Harmontown—More Than a Funny Road Trip Movie
Community creator Dan Harmon’s first notion about filming his live podcast-turned-national-tour Harmontown was to make a funny road trip movie. “Jeff and I both have an improv background,” Harmon said, referring to his podcast sidekick, Jeff Bryan Davis. “We would do funny stuff on the road. Let’s just make a funny movie and I thought that’s what we would do,” he said after a screening of Harmontown during the 2014 Los Angeles Film Festival.
Director Neil Berkeley (Beauty is Embarrassing) had a different idea after he attended a Harmontown podcast session in Hollywood. “I met these people after the show and they were so diverse, but they share something,” Berkeley said. He compared the fans of Community and Harmontown and discovered the seed of the movie—one that made it more than an extended comedy sketch or mockumentary. “They’ve got a history and texture to them,” Berkely said of the Harmontown podcast fans. “They’ve seen some shit. They’ve gone through something and they’re also hiding something,” Berkeley said. “Something Dan does makes them feel that it’s okay to talk about it.”

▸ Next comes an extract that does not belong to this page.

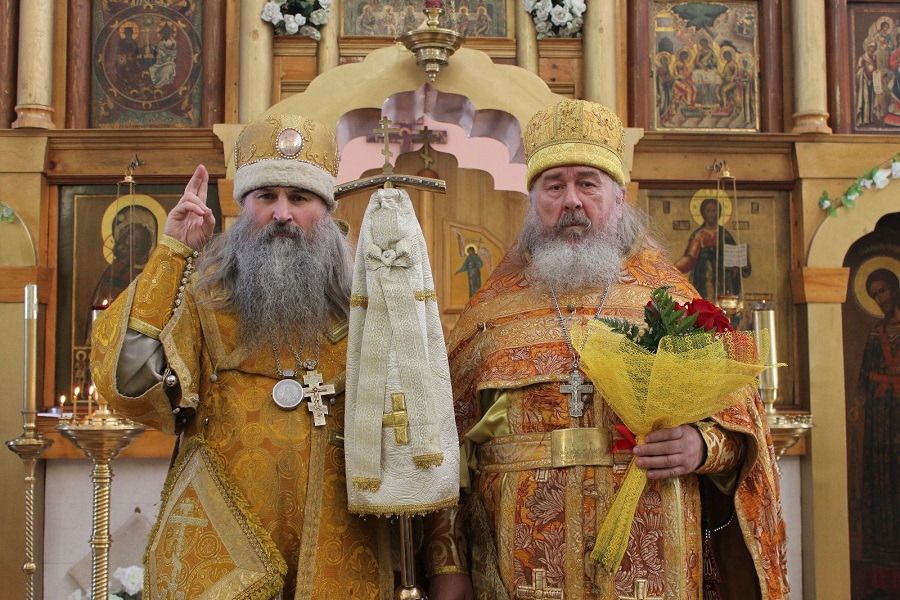 Епископ Евфимий и протоиерей Василий Колотов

Harmon, notorious for being controlling and dictatorial on creative projects, also had to come to terms with Berkeley’s vision and style. “He said ‘I’m not sure I can do this just for yucks or be your employee,’” Harmon said. “It made me really mad. I don’t like people that aren’t in my control. So the only way to get him under my control was to guarantee him total freedom.”
Harmontown became more than a documentary of a tour, but the story of who the fans are and why they show up to see the show. “It’s not a movie about Dan or us,” said Davis. “It’s a movie about creative people who wonder they have relevance or whether or not it’s okay to be strange and unusual.”